The school holidays are nearly upon us and Durban mom and Sticky Fingers author Ayesha Parak-Makada offered GoodLife a few ideas on what to do with little ones.
Sensory play at home is at the heart of Ayesha Parak-Makada’s play philosophy.
The Durban mother of two, who studied Social Science at the University of KwaZulu-Natal, made a name for herself with her toddler playgroup called Mums & Cubs. She most recently published a collation of those “recipes” in her book for parents, called Sticky Fingers.
If you’ve ever left your preschoolers to their own devices with dinner, you know why it works; once they’re done eating, they’re very happy to explore their food with their fingers.

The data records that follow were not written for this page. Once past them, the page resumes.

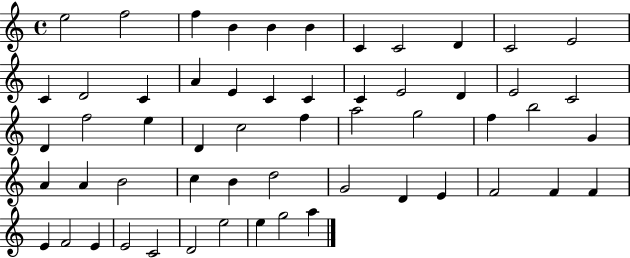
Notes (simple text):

E5/h F5/h F5/q B4/q B4/q B4/q C4/q C4/h D4/q C4/h E4/h C4/q D4/h C4/q A4/q E4/q C4/q C4/q C4/q E4/h D4/q E4/h C4/h D4/q F5/h E5/q D4/q C5/h F5/q A5/h G5/h F5/q B5/h G4/q A4/q A4/q B4/h C5/q B4/q D5/h G4/h D4/q E4/q F4/h F4/q F4/q E4/q F4/h E4/q E4/h C4/h D4/h E5/h E5/q G5/h A5/q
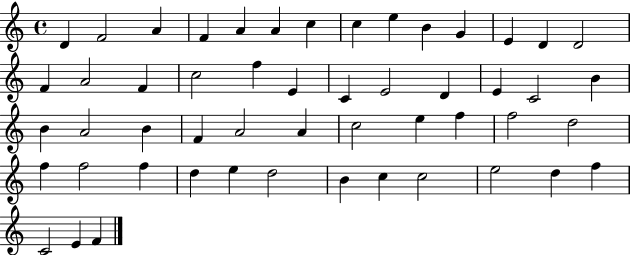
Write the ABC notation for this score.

X:1
T:Untitled
M:4/4
L:1/4
K:C
D F2 A F A A c c e B G E D D2 F A2 F c2 f E C E2 D E C2 B B A2 B F A2 A c2 e f f2 d2 f f2 f d e d2 B c c2 e2 d f C2 E F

“Mums & Cubs specialises in messy play,” says Parak-Makada.
“We provide children with an environment to experience messy play and explore their senses. Toddlers are also given an opportunity to meet and socialise with each other.
“All of the classes are geared towards helping children hone their fine and gross motor skills in a fun and educational way.

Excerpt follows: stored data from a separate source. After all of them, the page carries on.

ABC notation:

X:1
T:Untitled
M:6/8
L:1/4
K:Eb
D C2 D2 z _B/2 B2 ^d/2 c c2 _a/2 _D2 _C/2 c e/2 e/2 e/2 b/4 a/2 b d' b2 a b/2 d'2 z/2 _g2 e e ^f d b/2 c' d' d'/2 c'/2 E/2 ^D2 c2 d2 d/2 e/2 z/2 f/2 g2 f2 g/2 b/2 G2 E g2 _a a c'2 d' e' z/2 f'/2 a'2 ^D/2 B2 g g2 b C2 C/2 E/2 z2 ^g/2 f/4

“Each class has an exciting and engaging theme, with many different activities that all tie in. This affords mothers a fantastic opportunity to bond with their children, as well as to meet and make “mummy friends”.
Her sensory play recipes include different kinds of slime and playdough.

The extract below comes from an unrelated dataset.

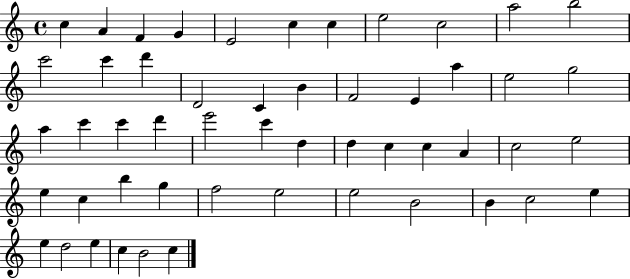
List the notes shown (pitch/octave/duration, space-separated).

C5/q A4/q F4/q G4/q E4/h C5/q C5/q E5/h C5/h A5/h B5/h C6/h C6/q D6/q D4/h C4/q B4/q F4/h E4/q A5/q E5/h G5/h A5/q C6/q C6/q D6/q E6/h C6/q D5/q D5/q C5/q C5/q A4/q C5/h E5/h E5/q C5/q B5/q G5/q F5/h E5/h E5/h B4/h B4/q C5/h E5/q E5/q D5/h E5/q C5/q B4/h C5/q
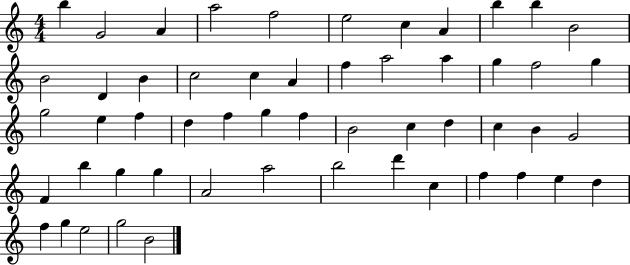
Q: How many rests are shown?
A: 0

“Unless otherwise stated, all of the recipes are taste safe! This makes them perfect for toddlers as well as older kids.”
She says: “From birth, children learn about the world around them using their five senses. Sensory play encourages learning in a practical way that stimulates a child’s senses.
“By stimulating a child’s senses we are sending signals to the child’s brain; in doing so we are helping to strengthen important neural pathways that are integral for learning and development. This also helps prime the brain for learning other skills.
“Sensory play has been described by many teachers as being the foundation of all skills children will use at school, including learning to read, write and solve maths and science problems.
“It is also by playing that children learn and develop as individuals, and as members of the community.”
Parak-Makada is also firmly in favour of baking with your kids this holiday.
“While the kitchen can very easily be described as a very dangerous place, with hazards in every nook and cranny - from knives, to glassware, and even open flames - I think there is no better classroom for a toddler.
“Baking with a child is the perfect fun way to introduce them to so many new concepts and experiences. Whether you are exploring early numeracy by counting and weighing ingredients, or expanding their vocabulary by talking about all the interesting things that can be found in a kitchen.
“For me, no session of cooking with kids is complete unless everyone has smelt every spice that has gone into our dish. Try it this holiday, you might find you have loads of fun without even leaving the house.”